Well that was easy. Walked into the garage, saw a couple pieces of thin, 3/4" thick wood and gave the TV the required boost. Crisis averted . The acoustic panels and EQ are still going to have to wait, though .


----------



## salvasol

lalakersfan34 said:


> Well that was easy. Walked into the garage, saw a couple pieces of thin, 3/4" thick wood and gave the TV the required boost. Crisis averted . ... .

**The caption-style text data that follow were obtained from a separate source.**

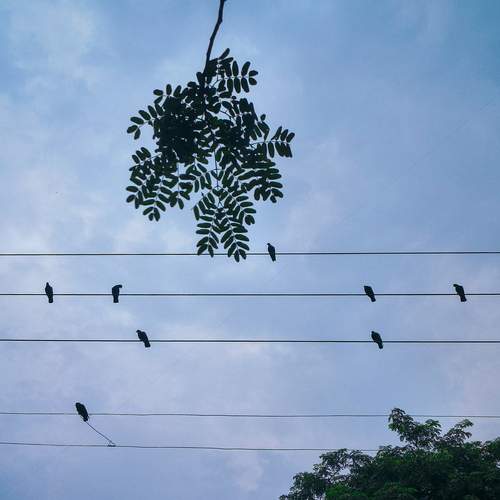 Photo #13712731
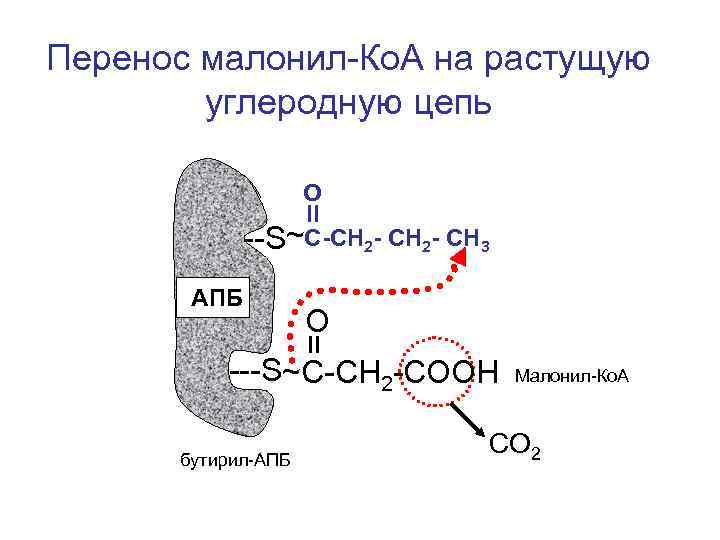 Перенос малонил-Ко. А на растущую углеродную цепь О --S~С-СН 2 - СН 3 АПБ
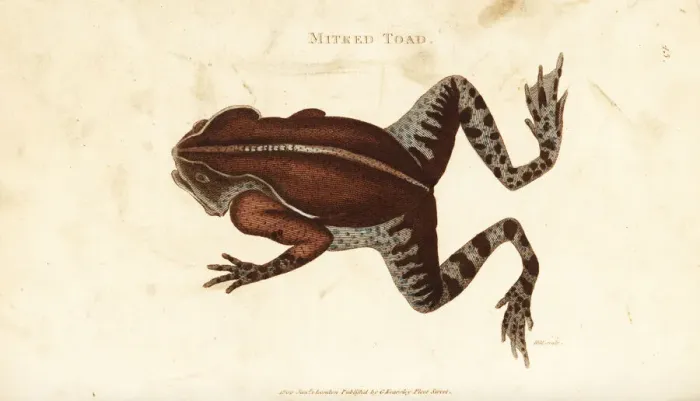 Framed Print : South American common toad, Rhinella margaritifera Framed Print : South American common toad, Rhinella margaritifera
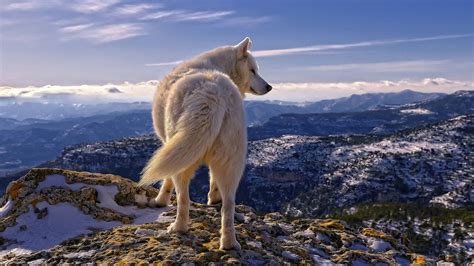 Looking for the best wallpapers? White Wolf Wallpapers - Wallpaper Cave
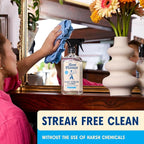 Aunt Fannie's Glass & Window Cleaning Vinegar Spray, Natural Streak-Free Spray 16.9 Ounces (Pack of 3)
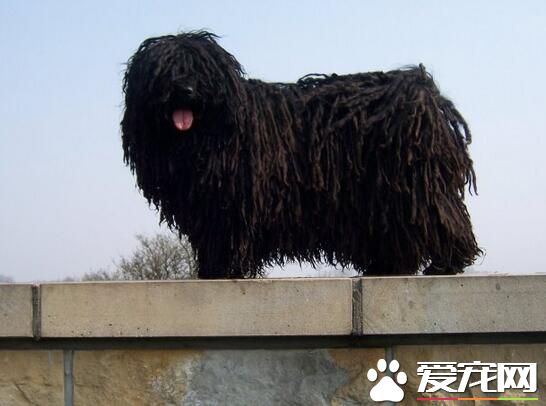波利犬為什麼卷毛 波利犬被毛的護理方法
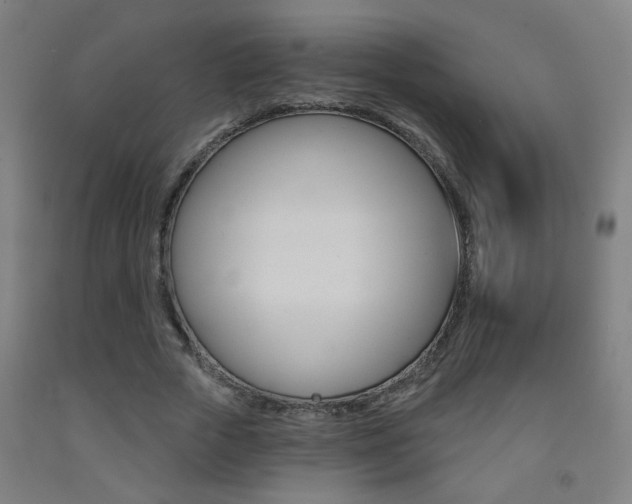 X0000093250729200709261556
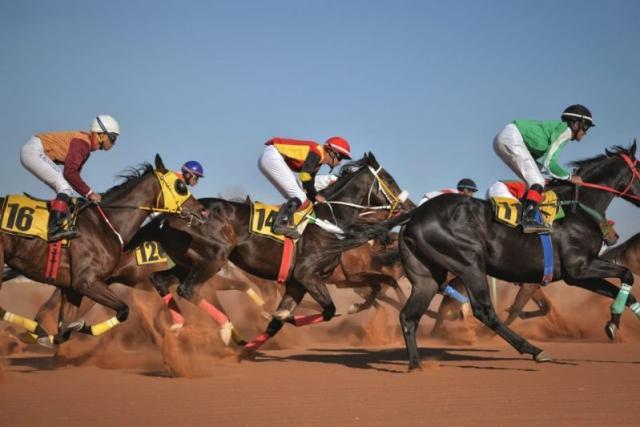 السعودية تنظم البطولة الأغلى عالمياً في سباقات الخيل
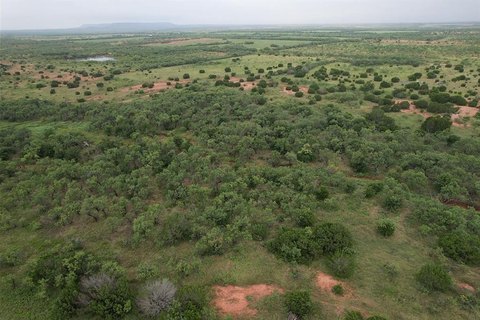 Lawn, TX Unimproved Land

Did you paint the wood??? ... if you didn't, it wont match with your TV and speakers :bigsmile: :whistling:


----------



## lalakersfan34

salvasol said:


> Did you paint the wood??? ... if you didn't, it wont match with your TV and speakers :bigsmile: :whistling:


Picky picky . It's behind the center speaker and you can't really even see it. Still, I _am_ pretty particular about this kind of thing, so I might end up painting it eventually.


----------



## Sheep

That is a good looking system you have there. I can't help but think that placing the subwoofers apart would yield a more uniform response.

Great work!

SheepStar


----------



## lalakersfan34

Sheep said:


> That is a good looking system you have there. I can't help but think that placing the subwoofers apart would yield a more uniform response.
> 
> Great work!
> 
> SheepStar


Thanks Sheep! Regarding subwoofer placement, unfortunately, my room is an 11x10, <1,000 cubic foot room which is also a bedroom. There just aren't many placement options, and I've actually found that location to be the best. I've tried one sub there and one sub near field but didn't like the result quite as much. Fortunately, my bass response is surprisingly linear. I'm +/- 4dB from 17-75hz or so, with a peak in the 75-90hz range that maxes at around 7dB. In the next couple of months I'm going to be getting an FBQ 2496 EQ, along with some bass traps as well which should help even out response even more . Thanks for your comments.


----------



## Sheep

lalakersfan34 said:


> Thanks Sheep! Regarding subwoofer placement, unfortunately, my room is an 11x10, <900 cubic foot room which is also a bedroom. There just aren't many placement options, and I've actually found that location to be the best. I've tried one sub there and one sub near field but didn't like the result quite as much. Fortunately, my bass response is surprisingly linear. I'm +/- 4dB from 17-75hz or so, with a peak in the 75-90hz range that maxes at around 7dB. In the next couple of months I'm going to be getting an FBQ 2496 EQ, along with some bass traps as well which should help even out response even more . Thanks for your comments.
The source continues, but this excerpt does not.